WEINHAUS (’57): The mid-size firms are just beginning to crumble and disappear. So you’re gonna have to be on your own as an entrepreneur. You’re going to have to learn survival techniques and ingenious techniques to use the law to help people and make a living as well.

 

SCHLAPPRIZZI (’59): With technology comes a whole bundle of different rights that have to be sorted out. There’s always gonna be a right and a wrong, and rules, but they’re probably going to be modified as we stumble through the future.

 

For now, retirement is not an option.

 

McMULLEN (’59): I keep working because my firm allows me to and because I enjoy it. I like making a contribution to help somebody who thinks maybe I can be of some use to them.

 

BALLOUN (’54): My wife and I became foster parents almost 30 years ago and we’ve cared for a number of foster children. I have a 16-year-old daughter, so my last child was adopted when I was 70. When they ask me when I plan to retire, I always tell ‘em, ‘As soon as I get my youngest kid out of college, I might go part-time.’

 

FLOYD (’59): I think if I quit I would feel like less of a person. Secondly, I do it for health reasons. I see so many judges and lawyers who retire at 70 and they don’t make it to 80. [Working] also gives me the satisfaction of knowing I’m still doing some good in the world.

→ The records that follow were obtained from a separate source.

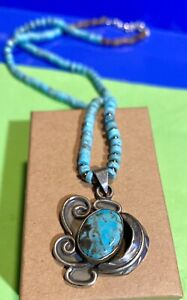 Navajo Sterling Silver Feathered Squash Blossom 925 Pendant Turquoise Necklace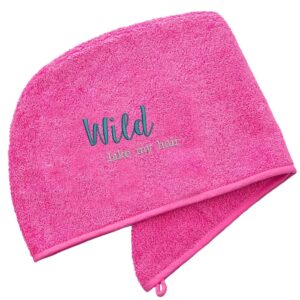 Aztex Luxury Hair Turban Towel Wild Like My Hair Logo Pink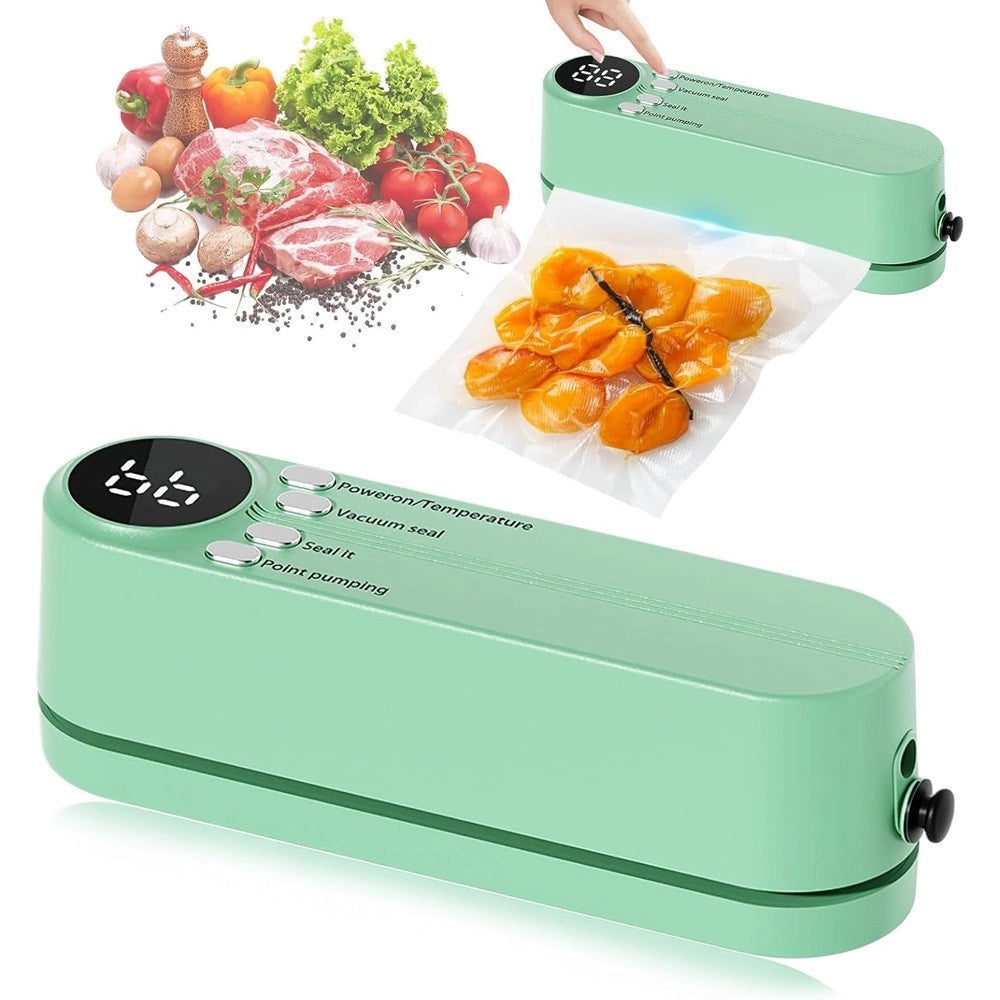 Trade Shop - Mini Sigillatore Per Sottovuoto 7in1 Portatile 3 Velocità Ricaricabile Con 5 Sacchetti -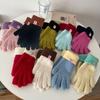 Color Warm Wool Gloves Women's Autumn and Winter New Knitted Winter Riding Five Fingers Cold Solid Color
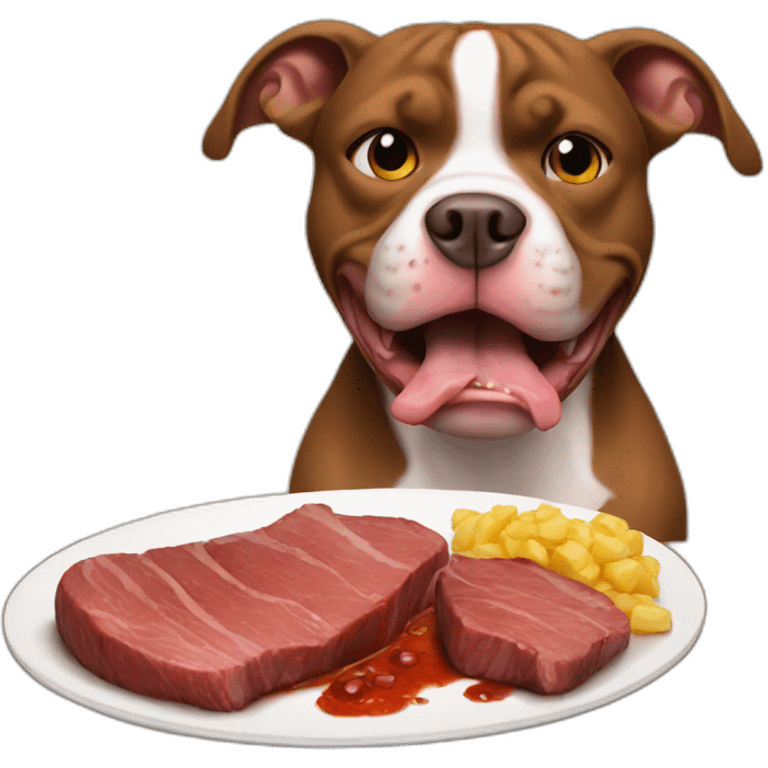 angry pitbull eating steak baby steak emoji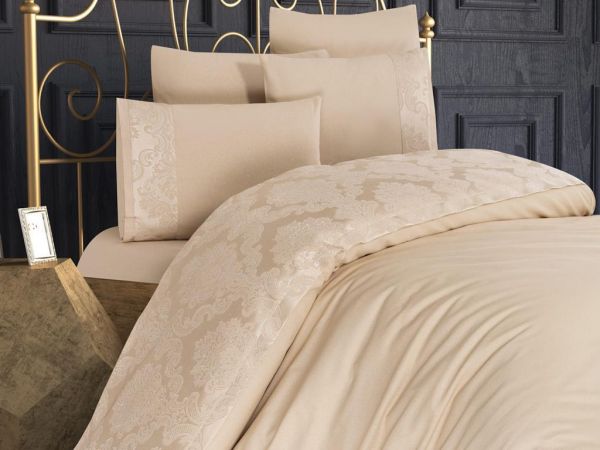 Çeyiz Diyarı Açelya Çift Kişilik Nevresim Takımı Cappucino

I wish I knew when I was 30 what I know now.

 

HITE (’53): I don’t know what else I would do. I enjoy coming to the office. I just can’t sit home and twiddle my thumbs all day.

 

KOHN (’55): I believe a person, if he or she is lucky, should engage in his highest and best use. I feel being a trial lawyer is my highest and best. I will retire when the marketplace requires me to do it because I don’t have any more clients, or when God tells me I’ve got to slow down. Until that happens, why on earth should I retire?